"Either they've just killed their wedges, or their stealth just got a lot better, Sir. And that far out, I don't think it's likely they just brought that much more EW on-line."

"Then what do you think they're doing, Lieutenant?" FitzGerald asked in his best professorial manner.

"They were still moving at approximately eighty-six hundred KPS when we lost them," she said after a moment. "I'd guess they're planning on coming in ballistic from this point, with their impellers at standby. That velocity isn't very high, but that would make sense if they want to be as unobtrusive as possible-they wouldn't want to have to spill any more velocity if they end up needing to maneuver. At that low a speed, they can decelerate using minimum power wedges, so as to hold their signatures down, if they decide that's what they want to do. But they're coming in on a shortest-distance flight path towards Pontifex, so they obviously want a look at the traffic in the planet's vicinity. I'd say they figure that leaving the freighter out there, beyond the hyper limit, will keep anyone from spotting her, on the one hand, and put her in a position to escape into hyper before anyone could possibly intercept her, on the other. In the meantime, they can come in, take a look around the inner system, and find out whether or not there's anything here worth attacking. Commodore Karlberg was obviously right-they have to be more modern and powerful than anything he's got, given how they managed to futz up our sensor arrays-so they probably figure that even if somebody spots them, they can fight their way clear without too much trouble if they have to."

"I believe I agree with you, Ms. Hearns," FitzGerald said.

He tapped a few quick calculations into his own keypad and watched the results display themselves on the plot.

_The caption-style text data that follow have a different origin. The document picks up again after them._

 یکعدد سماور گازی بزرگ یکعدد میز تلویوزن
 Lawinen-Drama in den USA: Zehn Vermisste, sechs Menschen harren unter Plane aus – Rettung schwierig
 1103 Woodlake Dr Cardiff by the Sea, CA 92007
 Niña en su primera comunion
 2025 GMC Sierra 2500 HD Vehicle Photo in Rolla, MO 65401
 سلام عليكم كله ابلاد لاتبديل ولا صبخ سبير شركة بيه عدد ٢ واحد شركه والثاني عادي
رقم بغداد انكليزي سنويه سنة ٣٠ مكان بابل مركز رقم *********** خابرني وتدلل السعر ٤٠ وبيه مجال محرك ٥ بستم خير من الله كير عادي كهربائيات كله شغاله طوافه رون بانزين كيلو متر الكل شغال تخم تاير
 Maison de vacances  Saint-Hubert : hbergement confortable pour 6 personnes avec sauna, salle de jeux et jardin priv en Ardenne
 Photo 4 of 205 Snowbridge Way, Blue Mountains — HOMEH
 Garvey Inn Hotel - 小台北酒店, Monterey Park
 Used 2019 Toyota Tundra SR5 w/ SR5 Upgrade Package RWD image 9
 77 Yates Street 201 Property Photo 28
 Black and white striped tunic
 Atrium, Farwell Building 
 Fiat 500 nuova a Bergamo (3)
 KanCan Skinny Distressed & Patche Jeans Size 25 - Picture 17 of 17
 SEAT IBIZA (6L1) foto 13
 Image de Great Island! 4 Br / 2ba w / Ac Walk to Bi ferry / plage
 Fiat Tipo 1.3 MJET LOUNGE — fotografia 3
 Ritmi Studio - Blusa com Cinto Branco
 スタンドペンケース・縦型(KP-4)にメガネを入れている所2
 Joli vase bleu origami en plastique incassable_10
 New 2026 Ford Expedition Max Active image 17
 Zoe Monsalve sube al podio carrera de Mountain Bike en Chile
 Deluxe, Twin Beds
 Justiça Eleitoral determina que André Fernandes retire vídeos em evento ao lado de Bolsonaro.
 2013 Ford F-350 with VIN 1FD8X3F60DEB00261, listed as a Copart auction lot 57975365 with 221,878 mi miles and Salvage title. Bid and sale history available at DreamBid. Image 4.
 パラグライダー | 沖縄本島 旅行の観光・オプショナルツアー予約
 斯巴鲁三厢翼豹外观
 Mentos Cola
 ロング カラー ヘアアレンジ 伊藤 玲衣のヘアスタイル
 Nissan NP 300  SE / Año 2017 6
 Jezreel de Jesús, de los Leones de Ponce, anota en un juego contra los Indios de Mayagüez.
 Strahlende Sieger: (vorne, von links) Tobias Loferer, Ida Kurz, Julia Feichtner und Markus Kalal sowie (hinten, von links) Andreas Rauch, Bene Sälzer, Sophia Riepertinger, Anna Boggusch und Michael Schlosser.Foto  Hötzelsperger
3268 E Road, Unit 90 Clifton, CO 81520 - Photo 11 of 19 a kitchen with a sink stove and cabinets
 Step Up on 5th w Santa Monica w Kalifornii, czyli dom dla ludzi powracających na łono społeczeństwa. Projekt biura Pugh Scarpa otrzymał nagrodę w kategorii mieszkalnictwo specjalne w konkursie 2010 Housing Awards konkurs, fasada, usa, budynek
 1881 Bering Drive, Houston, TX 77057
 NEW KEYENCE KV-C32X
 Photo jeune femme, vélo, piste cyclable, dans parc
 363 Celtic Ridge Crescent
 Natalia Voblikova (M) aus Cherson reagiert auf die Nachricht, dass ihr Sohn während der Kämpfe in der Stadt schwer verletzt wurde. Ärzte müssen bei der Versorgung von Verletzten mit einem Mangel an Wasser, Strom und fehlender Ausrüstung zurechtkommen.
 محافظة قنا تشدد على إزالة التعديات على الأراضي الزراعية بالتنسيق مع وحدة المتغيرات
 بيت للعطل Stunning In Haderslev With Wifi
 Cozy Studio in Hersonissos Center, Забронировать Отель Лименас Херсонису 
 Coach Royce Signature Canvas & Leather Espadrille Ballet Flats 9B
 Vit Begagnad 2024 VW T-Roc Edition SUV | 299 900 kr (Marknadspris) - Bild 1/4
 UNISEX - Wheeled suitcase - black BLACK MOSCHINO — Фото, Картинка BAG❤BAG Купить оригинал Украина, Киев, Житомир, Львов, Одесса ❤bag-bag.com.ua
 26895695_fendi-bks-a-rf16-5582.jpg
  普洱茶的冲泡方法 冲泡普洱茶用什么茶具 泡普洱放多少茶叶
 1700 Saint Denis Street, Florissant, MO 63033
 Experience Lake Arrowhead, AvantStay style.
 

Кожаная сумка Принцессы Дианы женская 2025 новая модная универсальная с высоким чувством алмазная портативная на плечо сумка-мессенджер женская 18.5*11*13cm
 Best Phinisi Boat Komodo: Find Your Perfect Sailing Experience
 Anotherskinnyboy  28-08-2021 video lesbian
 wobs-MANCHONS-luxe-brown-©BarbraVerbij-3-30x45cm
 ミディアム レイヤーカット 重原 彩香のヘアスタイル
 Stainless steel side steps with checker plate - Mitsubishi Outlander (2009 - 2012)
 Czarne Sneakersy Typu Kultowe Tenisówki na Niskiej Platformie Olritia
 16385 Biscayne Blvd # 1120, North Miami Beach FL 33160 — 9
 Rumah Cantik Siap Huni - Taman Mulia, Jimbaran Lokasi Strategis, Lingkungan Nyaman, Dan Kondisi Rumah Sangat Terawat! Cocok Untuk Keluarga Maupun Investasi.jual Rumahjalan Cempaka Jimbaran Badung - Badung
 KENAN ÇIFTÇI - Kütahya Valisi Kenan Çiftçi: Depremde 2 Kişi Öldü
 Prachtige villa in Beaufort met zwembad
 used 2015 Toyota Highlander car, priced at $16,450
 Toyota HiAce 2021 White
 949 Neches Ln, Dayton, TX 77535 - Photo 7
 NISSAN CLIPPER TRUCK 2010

The shaded cone continued to grow steadily, indicating the volume into which the strobing icons might have moved at their last observed acceleration and velocity since the array had lost its hard lock, and he frowned. It was possible the bogeys' stealth systems actually had baffled the arrays. In that case, it was also possible they'd begun decelerating unseen, as a preliminary to moving away from the system. But that possibility wasn't even worth considering. There wasn't much Hexapuma could do about them if they were, and they weren't going to pose any immediate threat to Nuncio, but he didn't believe for a moment that they were doing any such thing-not with the freighter still decelerating steadily towards rest.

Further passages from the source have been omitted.